The stove, and the wall behind it is splattered with tomato sauce. The floor is littered with bits of onion skin, lost basil leaves, and sesame seeds. The backsplash behind the sink is splattered with dirt.
It’s not that I don’t clean. In fact, I’m a bit obsessed with cleaning. I’ve been accused (rightly, I’m afraid) of preferring to stay home and mop the floors rather than go out on a Friday night.
But I can clean constantly, and still have a messy kitchen, because the kitchen is in near-constant use. It’s a working space, and I’ve learned to accept it as such. Right now there is a vat of pasta sauce boiling down on the stove, and an hour ago, the kitchen was the scene of a massive vegetable preparation operation. There will necessarily be dirt, vegetables and tomato sauce everywhere. Earlier, it was being used for pasteurising the morning’s milk and for making mayonaise. Later, it will be covered in flour as I roll out homemade pasta.
Flipping through a Home and Garden magazine, you could be forgiven for thinking that kitchens are meant to be gleaming, spotless backdrops for perfect flower arangements. Ours, however, is usually a grubby setting for a pile of dirty dishes.

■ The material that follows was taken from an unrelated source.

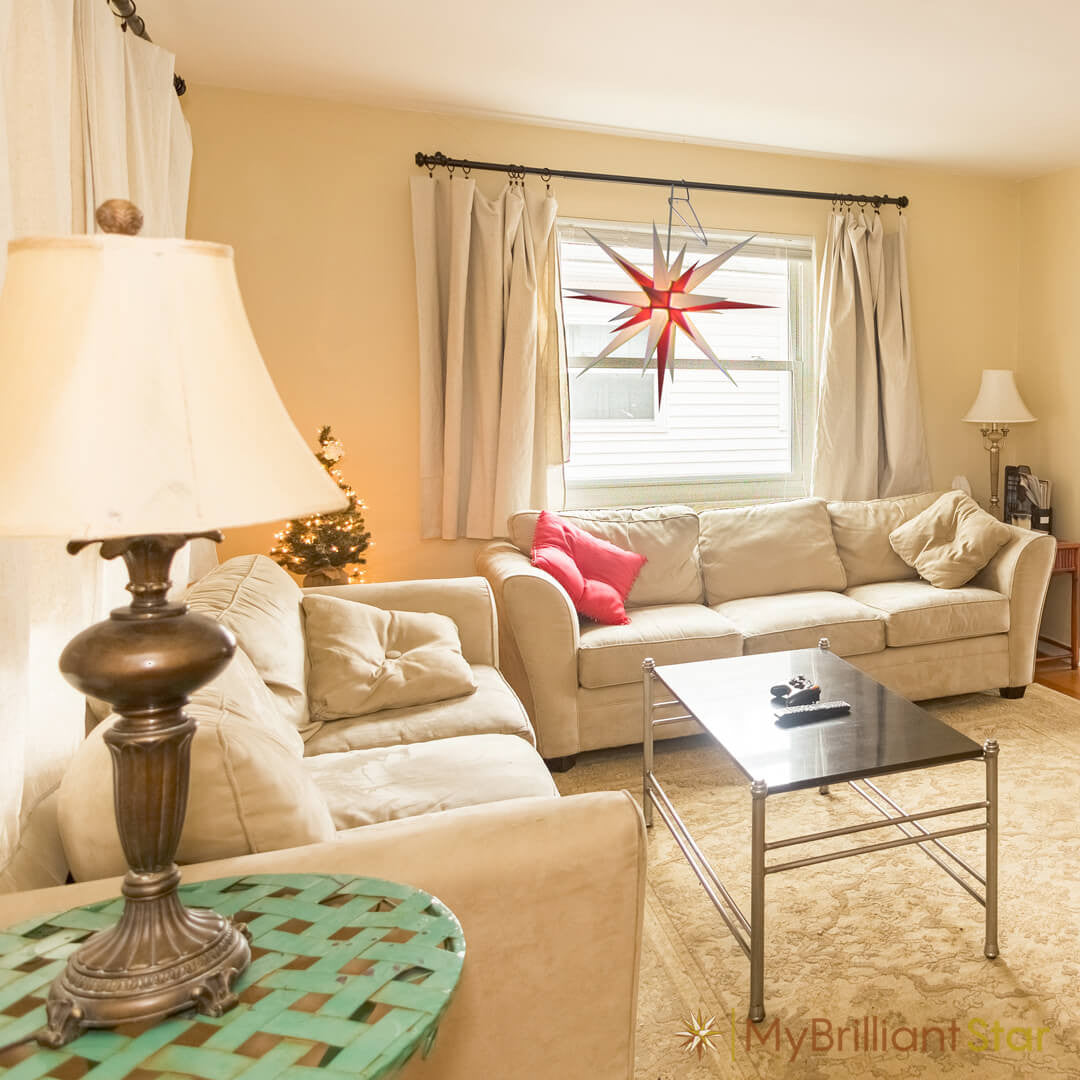 Original Herrnhut paper star, white / red, ~ 80 cm / 32 inch ø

Our kitchen works hard. All five burners on our stove are regularly going at once, and some days, I swear we wash every pot, bowl and spoon twice. A space hosting so much activity can only be truly clean for brief moments—say, between midnight and 2 am on every fouth Tuesday.
But a kitchen like ours is also a scene of laughter, life, and love. It is steeped in delicious odours, and tantalizing flavours. It is where the produce of the garden is transformed into the fuel for our bodies and the treats for our celebrations. It’s not a messy kitchen, it’s an exuberant one.